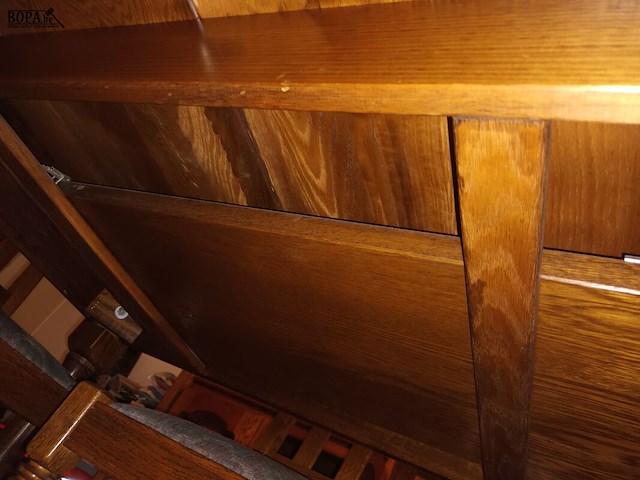 Lot 20 - houten eetkamertafel - afbeelding 3 van  4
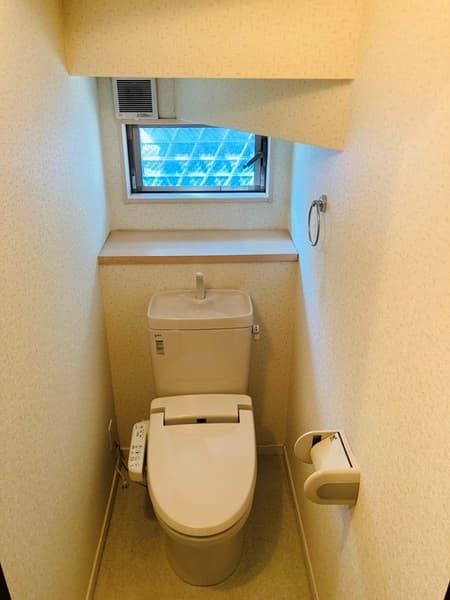 中落合戸建 1階のトイレ 1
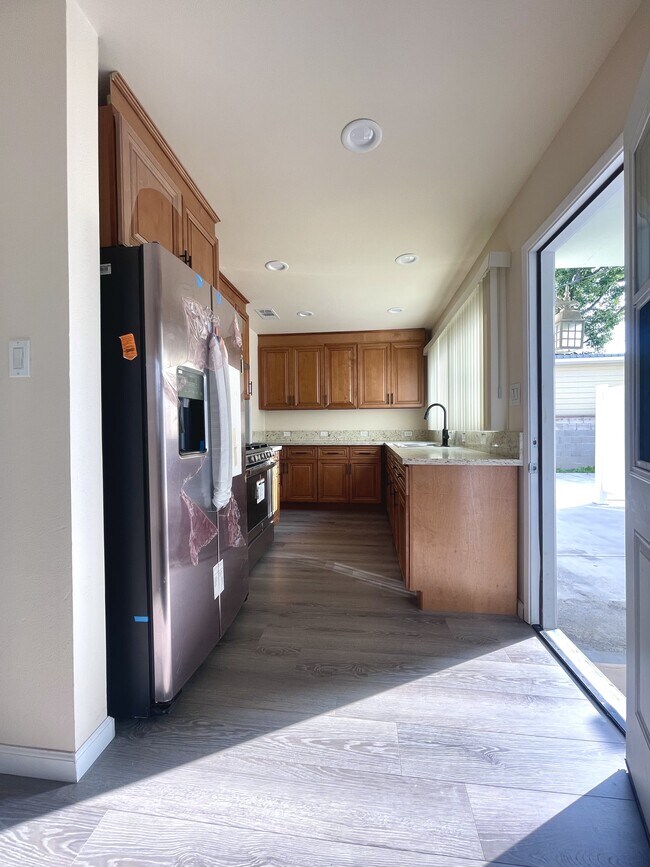 7949 Clearfield Ave, Panorama City, CA 91402 - photo 6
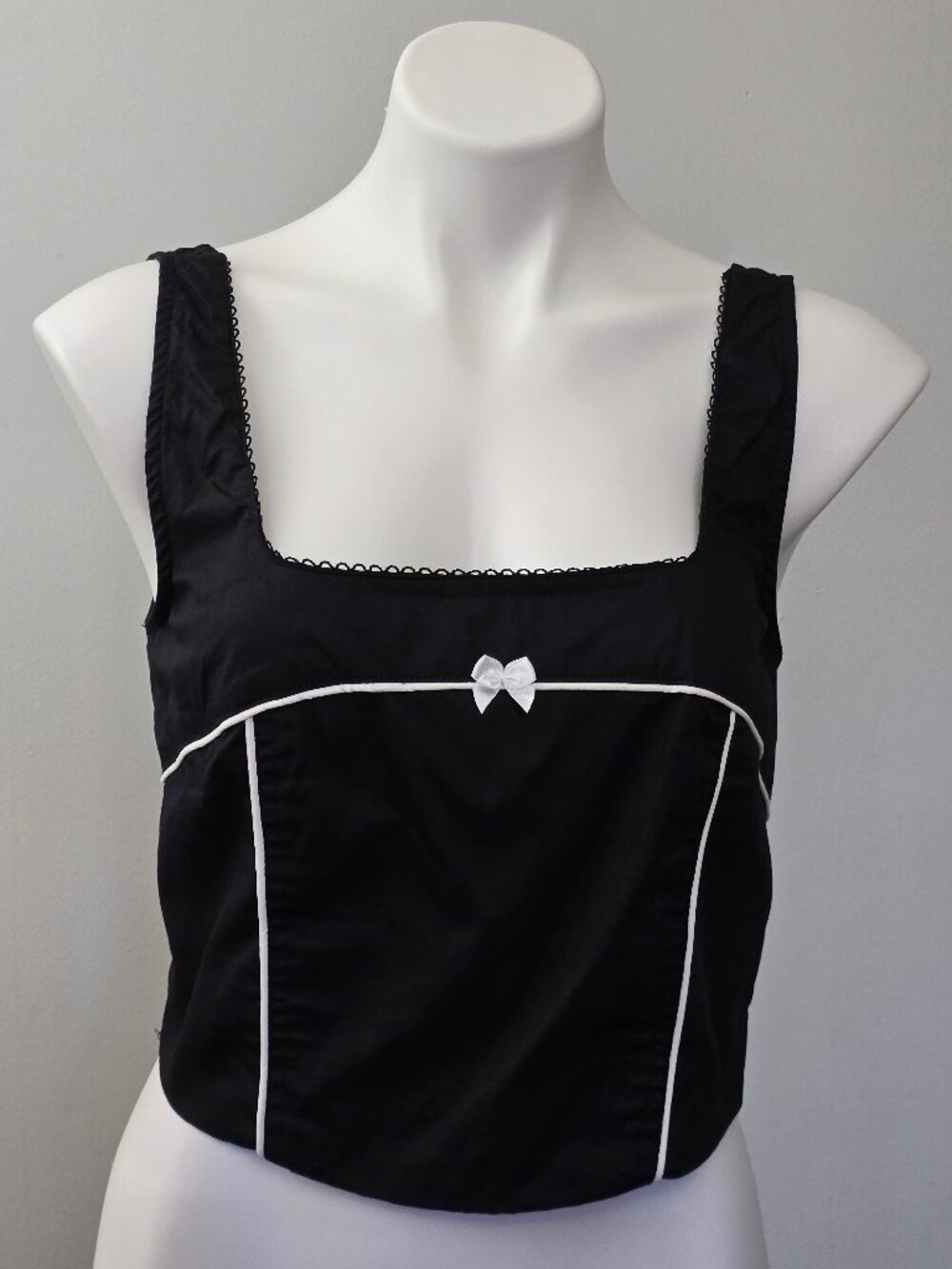 NWT Forever 21 Black Corset Cropped Bow Top – Coquette Style, Size Medium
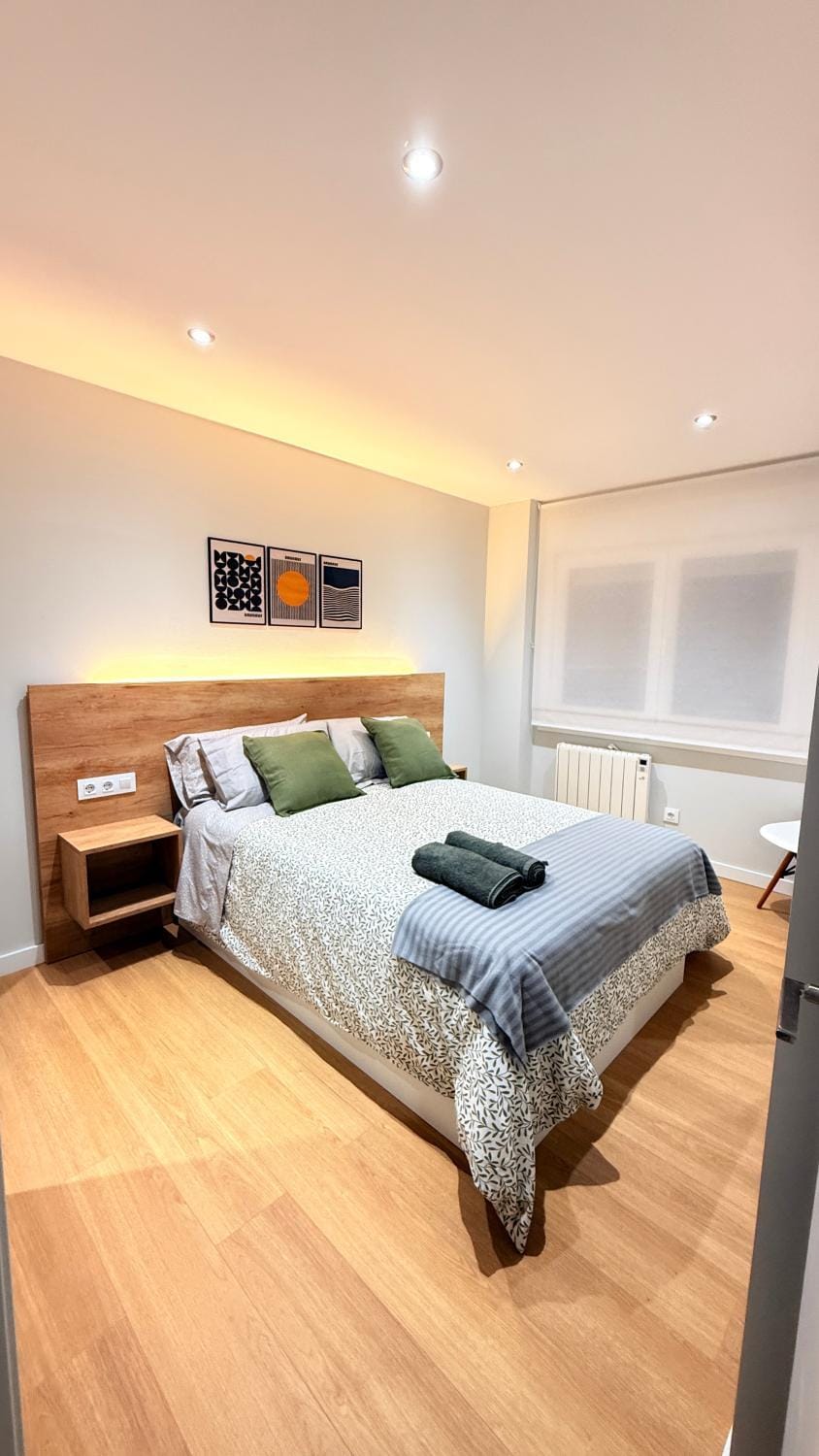 Bed, Photo of the whole room, Bedroom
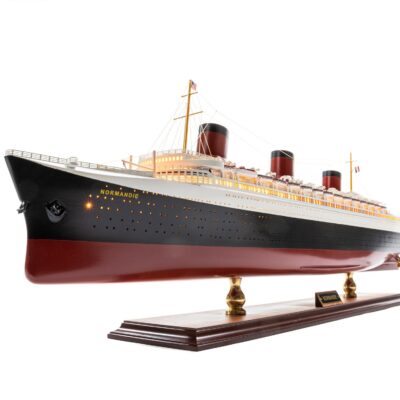 Maquette de Bateau le Normandie - Version Eclairée - Déjà Montée - Maquette en Bois - Mistral Maquettes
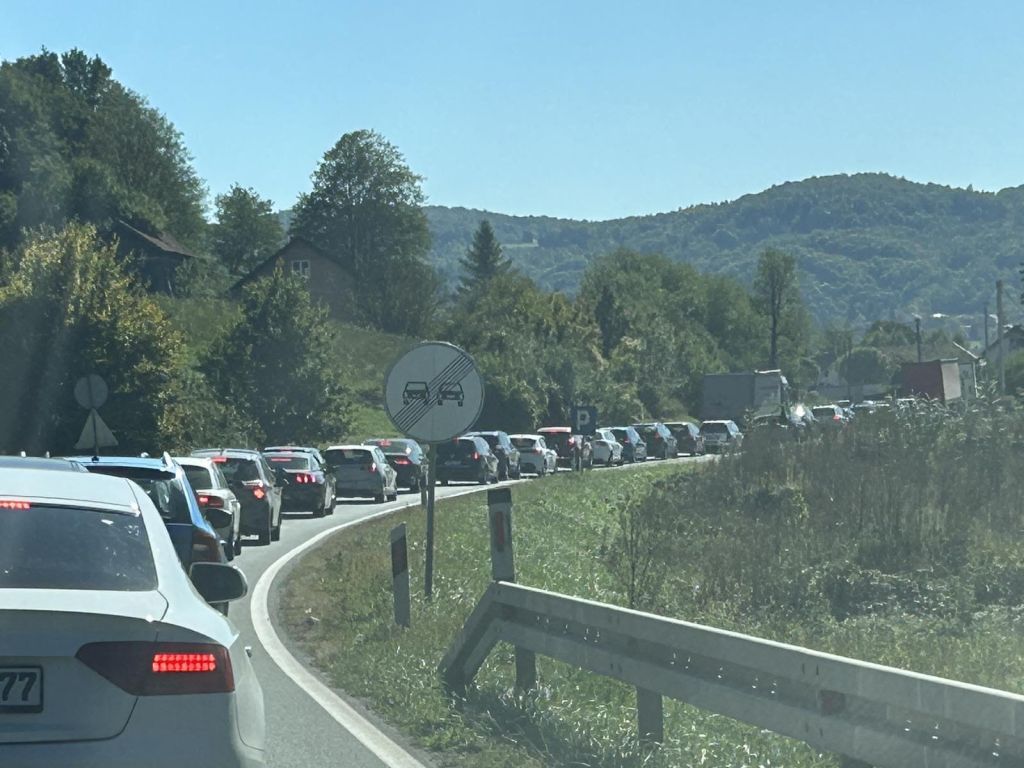 UKOLIKO PUTUJETE IZ PRAVCA DOBOJA PREMA SARAJEVU POGLEDAJTE GDJE JE SAOBRAĆAJ USPOREN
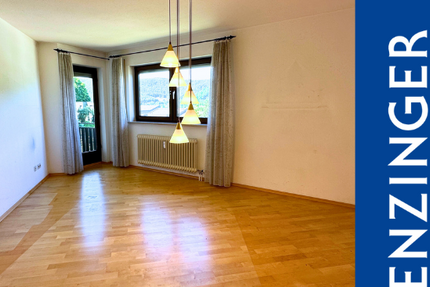 Wohnung Bad Urach - 2.5 Zimmer, 60 m&sup2;, 175.000&euro; | Angebot:25144848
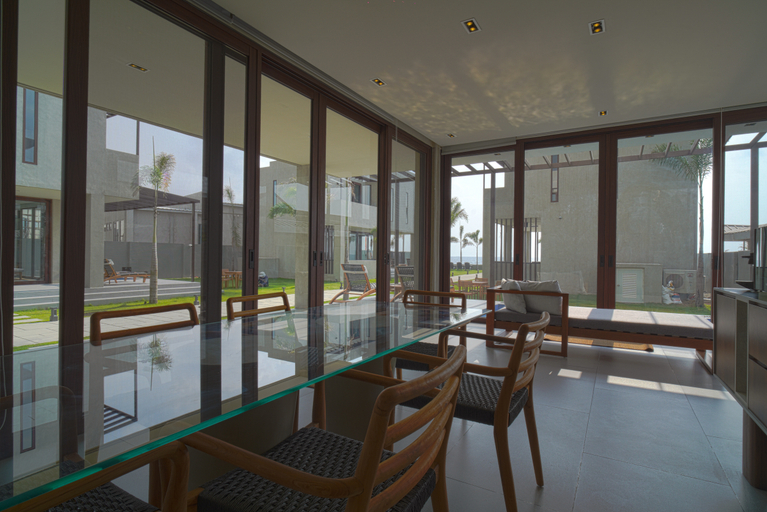 Food & Drinks 3, Araya Beach Casas, Lian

--- --- ---

#### TASK:
Output exactly and only the lines from the line containing "Bed, Photo of the whole room, Bedroom" to the end of the entries, both included, and omit every picture.

#### EXERCISE RESPONSE:
 Bed, Photo of the whole room, Bedroom
 Maquette de Bateau le Normandie - Version Eclairée - Déjà Montée - Maquette en Bois - Mistral Maquettes
 UKOLIKO PUTUJETE IZ PRAVCA DOBOJA PREMA SARAJEVU POGLEDAJTE GDJE JE SAOBRAĆAJ USPOREN
 Wohnung Bad Urach - 2.5 Zimmer, 60 m&sup2;, 175.000&euro; | Angebot:25144848
 Food & Drinks 3, Araya Beach Casas, Lian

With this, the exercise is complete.